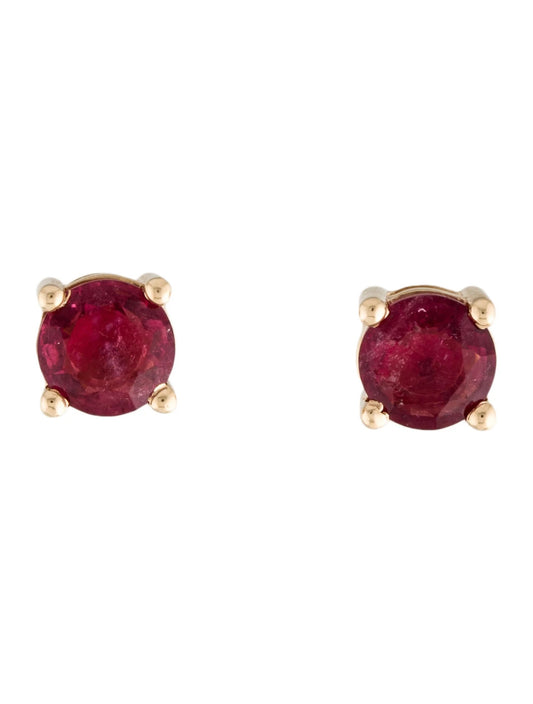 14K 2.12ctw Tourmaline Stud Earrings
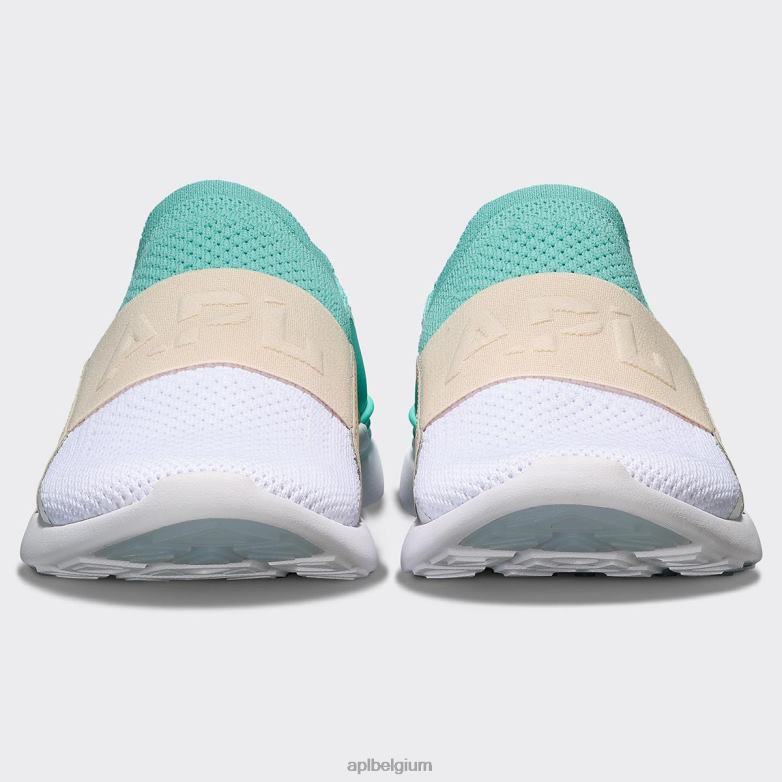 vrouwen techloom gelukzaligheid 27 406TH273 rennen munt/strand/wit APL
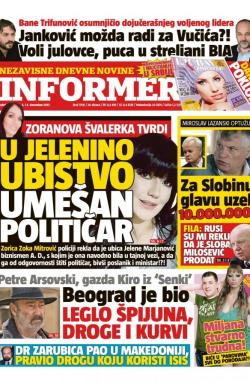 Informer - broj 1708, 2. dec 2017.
---
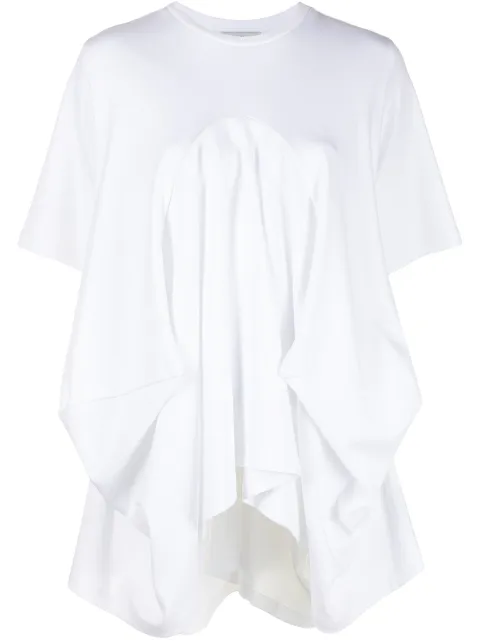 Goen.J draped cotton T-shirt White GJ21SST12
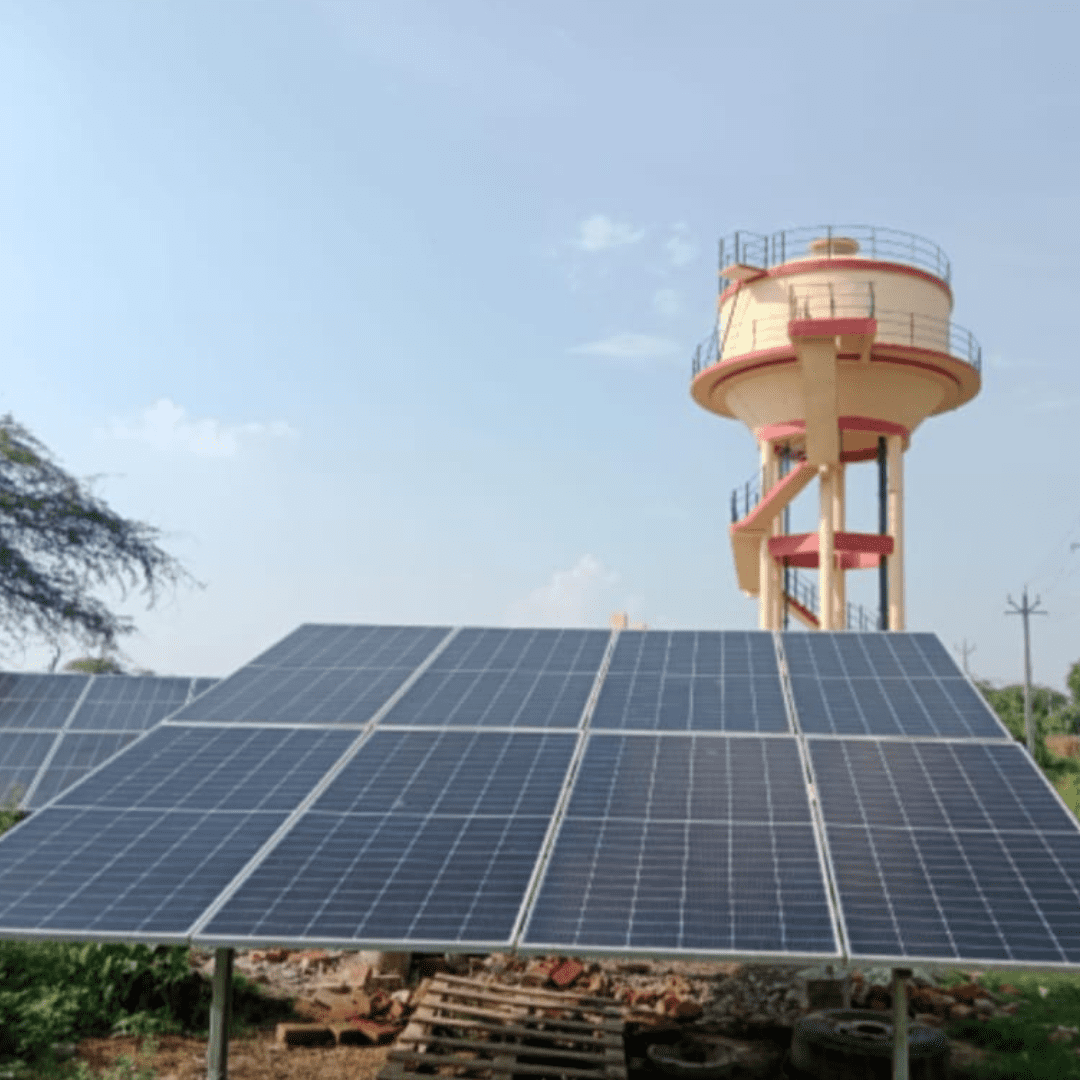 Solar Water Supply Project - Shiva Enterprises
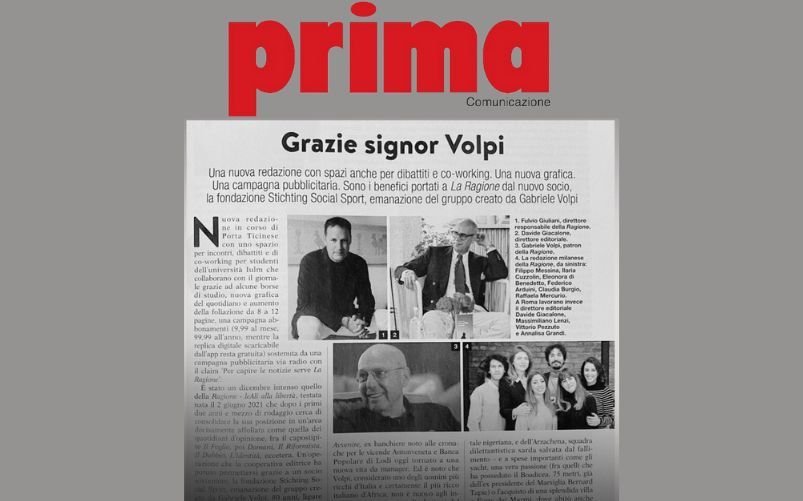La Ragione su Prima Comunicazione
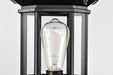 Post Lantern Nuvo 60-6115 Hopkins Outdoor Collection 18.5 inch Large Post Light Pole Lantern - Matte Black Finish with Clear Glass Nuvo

* Problem to work on
Write out the lines above from the one with "vrouwen techloom gelukzaligheid" through the one with "Informer - broj 1708, 2. dec 2017.", ends included, exactly; no picture goes in.

* Solved exercise
 vrouwen techloom gelukzaligheid 27 406TH273 rennen munt/strand/wit APL
 Informer - broj 1708, 2. dec 2017.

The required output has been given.